Re: [RFC][PATCH 0/5] arch: atomic rework
From: Paul E. McKenney
Date: Sun Feb 23 2014 - 20:17:11 EST
On Sun, Feb 23, 2014 at 11:31:25AM -0800, Linus Torvalds wrote:
> On Sat, Feb 22, 2014 at 10:34 PM, Paul E. McKenney
> <paulmck@xxxxxxxxxxxxxxxxxx> wrote:
> >
> > Adding and subtracting integers to/from a RCU-protected pointer makes
> > sense to me.
>
> Ack. And that's normal "access to an object" behavior anyway.
And covers things like container_of() as well as array indexing and
field selection, so good.
> > Adding and subtracting integers to/from an RCU-protected integer makes
> > sense in many practical cases, but I worry about the compiler figuring
> > out that the RCU-protected integer cancelled with some other integer.
>
> I suspect that in practice, all the same normal rules apply - assuming
> that there aren't any "aliasing" integers, and that the compiler
> doesn't do any value prediction, the end result *should* be exactly
> the same as for the pointer arithmetic. So even if the standard were
> to talk about just pointers, I suspect that in practice, there really
> isn't anything that can go wrong.
Yep, in practice in absence of the "i-i" code, it should work.

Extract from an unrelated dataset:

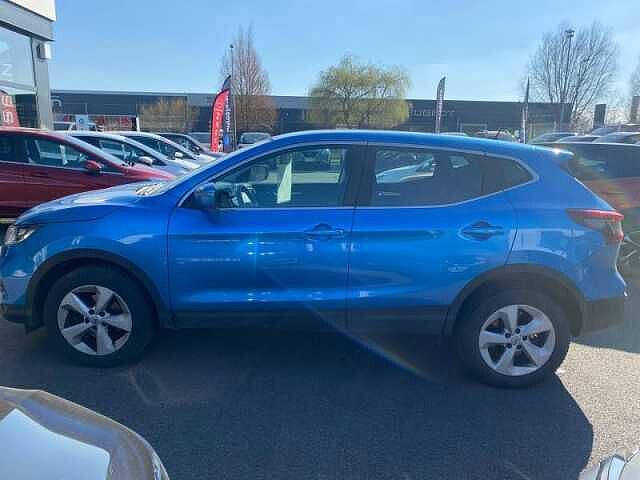 Nissan Qashqai 1.3 DIG-T 160ch Acenta DCT 2019 Euro6-EVAP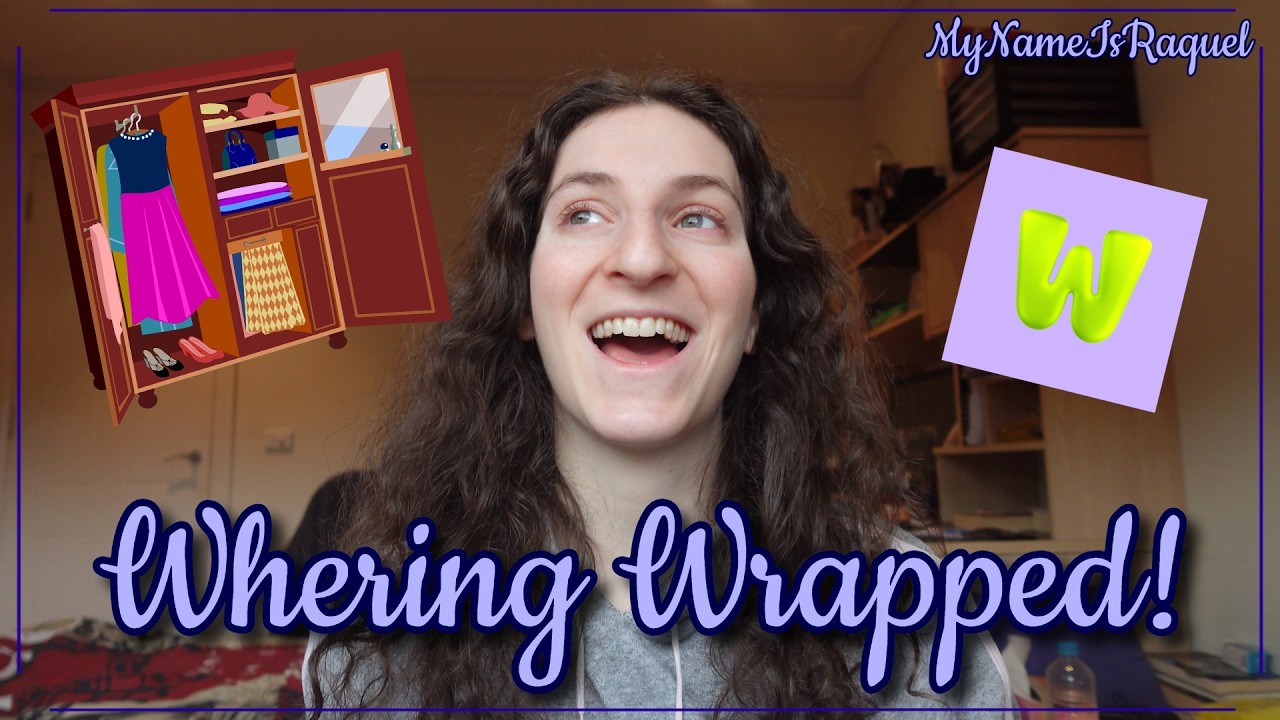 Whering Wrapped (Jan-Mar 2026)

As long
as the integer returned from the memory_order_consume load is always
kept in an integer tagged as "restrict", I believe that it should be
possible to make the standard guarantee it as well.

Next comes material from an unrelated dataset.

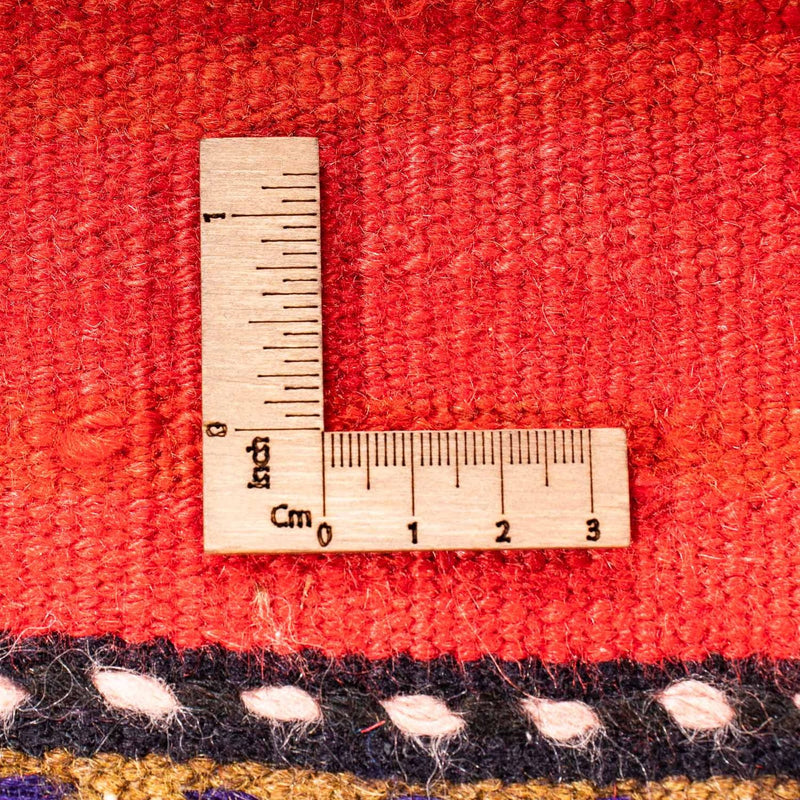 Kelim Rug - Old - 150 x 110 cm - multicolored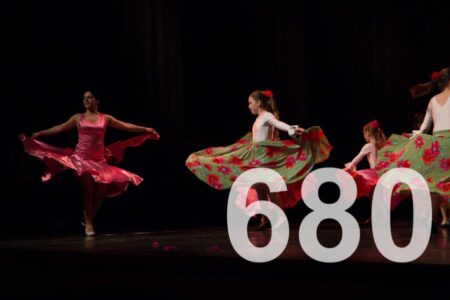 Dança na Luz 680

> > I don't feel all that good about subtractions involving an RCU-protected
> > pointer and another pointer, again due to the possibility of arithmetic
> > optimizations cancelling everything.
>
> Actually, pointer subtraction is a pretty useful operation, even
> without the "gotcha" case of "p-p" just to force a fake dependency.

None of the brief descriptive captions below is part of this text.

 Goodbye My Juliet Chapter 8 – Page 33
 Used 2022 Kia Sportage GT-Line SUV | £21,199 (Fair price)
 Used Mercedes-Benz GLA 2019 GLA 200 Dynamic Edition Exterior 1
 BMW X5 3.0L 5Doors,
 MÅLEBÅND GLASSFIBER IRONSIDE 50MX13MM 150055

> Getting an index, or indeed just getting an offset within a structure,
> is valid and common, and people will and should do it. It doesn't
> really matter for my suggested language: it should be perfectly fine
> to do something like
>
> ptr = atomic_read(pp, mo_consume);
> index = ptr - array_base;
> .. pass off 'index' to some function, which then re-generates the
> ptr using it ..
I believe that the devil is in the details of the regeneration of the
pointer. Yet another example below.
> and the compiler will have no trouble generating code, and the
> suggested "ordered wrt that object" guarantee is that the eventual
> ordering is between the pointer load and the use in the function,
> regardless of how it got there (ie turning it into an index and back
> is perfectly fine).
>
> So both from a legalistic language wording standpoint, and from a
> compiler code generation standpoint, this is a non-issue.
>
> Now, if you actually lose information (ie some chain there drops
> enough data from the pointer that it cannot be recovered, partially of
> fully), and then "regenerate" the object value by faking it, and still
> end up accessing the right data, but without actually going through
> any of the the pointer that you loaded, that falls under the
> "restricted" heading, and you must clearly at least partially have
> used other information. In which case the standard wording wouldn't
> guarantee anything at all.
I agree in general, but believe that the pointer regeneration needs
to be done with care. If you are adding the difference back into
the original variable ptr read from the RCU-protected pointer, I have
no problem with it.
My concern is with more elaborate cases. For example:
struct foo g1[N];
struct bar g2[N];
struct foo restrict *p1;
struct bar *p2;
int index;
p1 = atomic_read_explicit(*gp1, memory_order_consume);
index = (ptr - g1) / 2; /* Getting this into the BS syntax realm. */
p2 = g2 + index;
The standard as currently worded would force ordering between the read
into p1 and the read into p2. But it does so via dependency chains,
so this is starting to feel to me like we are getting back into the
business of tracing dependency chains.
Of course, one can argue that parallel arrays are not all that useful
in the Linux kernel, and one can argue that dividing indexes by two is
beyond the pale. (Although heaps in dense arrays really do this sort of
index arithmetic, I am having some trouble imagining why RCU protection
would be useful in that case. Yes, I could make up something about
replacing one heap locklessly with another, but...)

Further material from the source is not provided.